Development of Refractory High Entropy Alloys for Additive Manufacturing

High Entropy Alloys (HEAs) are a class of alloys consisting of multiple primary elements with similar content, exhibiting many promising properties, therefore garnering interest in many sectors such as nuclear and aerospace. HEAs are frequently reported as having good mechanical properties, particularly when manufactured by additive manufacturing (AM). In AM, components are built up layer-by-layer using a moving heat source to sequentially melt feedstock to build up a geometrically optimised 3D part with a controlled microstructure. AM is especially useful in manufacturing refractory HEAs (RHEAs), due to the high melting temperatures involved and the difficulties associated with their manufacture via conventional methods such as casting and machining. AM enables the manufacture of these types of high temperature alloys with complex part geometries, suitable for highly specialised applications in the pursuit of increasing efficiency and reducing material waste.

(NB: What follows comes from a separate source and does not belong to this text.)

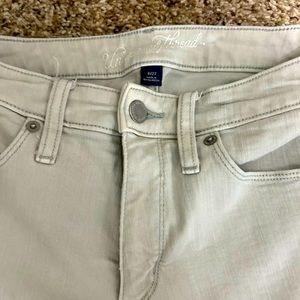 Used good condition. Size 4. Universal Thread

This thesis concerns development of new HEAs suitable for AM, more specifically for the AM process laser powder bed fusion (PBF-LB/M). In-situ alloying (ISA), a technique where powders are blended prior to the AM process and alloyed using the motion of the laser and the melt pool, is explored. The impact of different elemental additions on alloying is assessed, including the benefit of minimising melting point differences and the tendency of that elemental addition to segregate, impacting the miscibility of the addition in the base alloy. The impact of elemental powder size, shape and contamination on the ISA process is also explored, showing that although defects can form due to low powder flowability, representative homogeneous microstructures can be obtained, comparable to equivalent samples manufactured using pre-alloyed powder.

An alloy design procedure is also proposed, using empirical parameters to design solid solution HEAs suitable for high temperatures. The top ranked HEAs are then manufactured via arc-melting, resulting in 4 solid solution RHEAs. The AM processability of these alloys is then assessed using melt tracks, providing information on their crack susceptibility. Consequently, a new solid-state cracking indicator is proposed based on considering the impact of bond energy on ductility, which is used along with a solidification cracking indicator and 12 conventional alloys from literature to map AM crack susceptibility for new HEAs. The AM processable Mo5Nb35Ti30V30 RHEA is then manufactured via ISA and pre-alloyed powder comparing the results. The pre-alloyed samples are heat-treated, initiating the formation of a secondary TiCN phase on cell and grain boundaries, which coarsens with heat treatment time due to atmospheric infiltration. The removal of the cellular microstructure, interstitial strengthening and coarsening of the TiCN results in an improvement in alloy mechanical properties compared to the as-built condition. High throughput alloy design and optimisation is important to facilitate rapidly evolving industrial requirements for high performance materials. The results of this thesis aim to streamline and accelerate the alloy screening process, while also minimising time and costs associated with alloy development.